Working data -
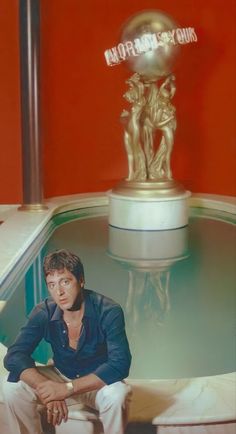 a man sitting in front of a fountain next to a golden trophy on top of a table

...

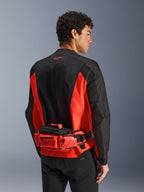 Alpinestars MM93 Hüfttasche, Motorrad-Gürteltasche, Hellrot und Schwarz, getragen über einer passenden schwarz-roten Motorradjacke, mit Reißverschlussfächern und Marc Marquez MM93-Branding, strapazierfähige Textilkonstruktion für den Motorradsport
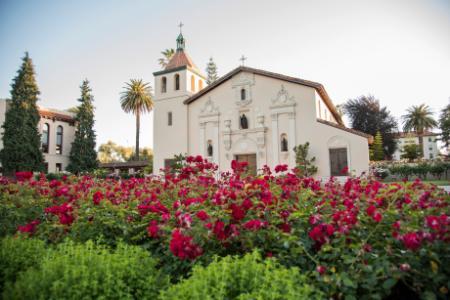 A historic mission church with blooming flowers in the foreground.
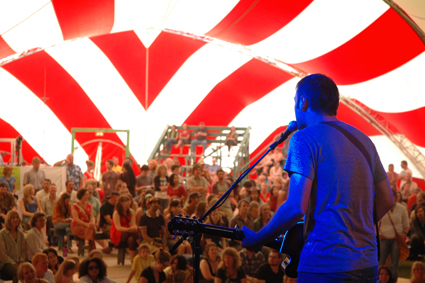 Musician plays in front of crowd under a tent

==

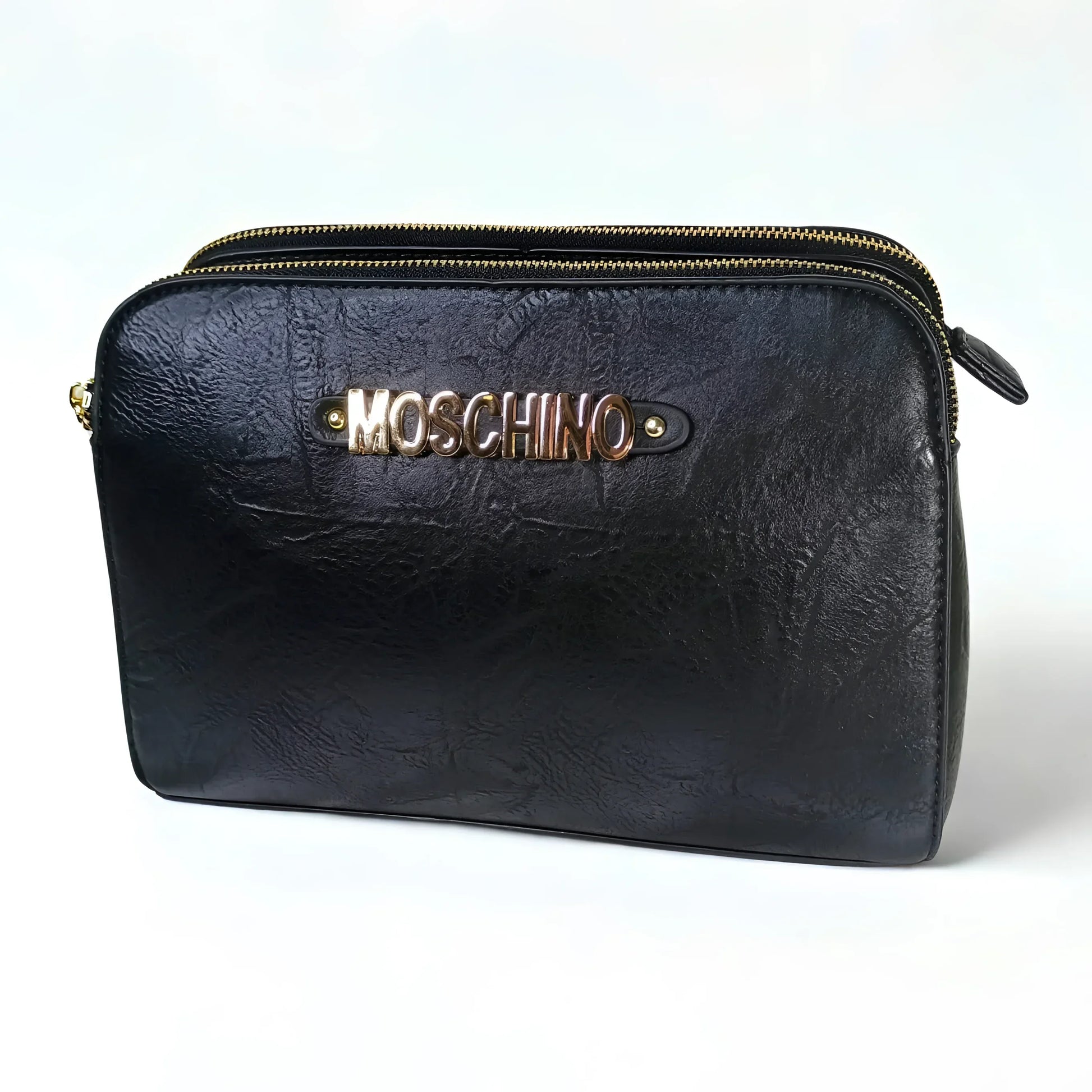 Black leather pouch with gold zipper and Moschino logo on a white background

Exercise directions -
Exact copy, pictures excluded: every line above from the one containing "Alpinestars MM93 Hüfttasche, Motorrad-Gürteltasche, Hellrot" to the one containing "Musician plays in", inclusive, and nothing more.

Response -
 Alpinestars MM93 Hüfttasche, Motorrad-Gürteltasche, Hellrot und Schwarz, getragen über einer passenden schwarz-roten Motorradjacke, mit Reißverschlussfächern und Marc Marquez MM93-Branding, strapazierfähige Textilkonstruktion für den Motorradsport
 A historic mission church with blooming flowers in the foreground.
 Musician plays in front of crowd under a tent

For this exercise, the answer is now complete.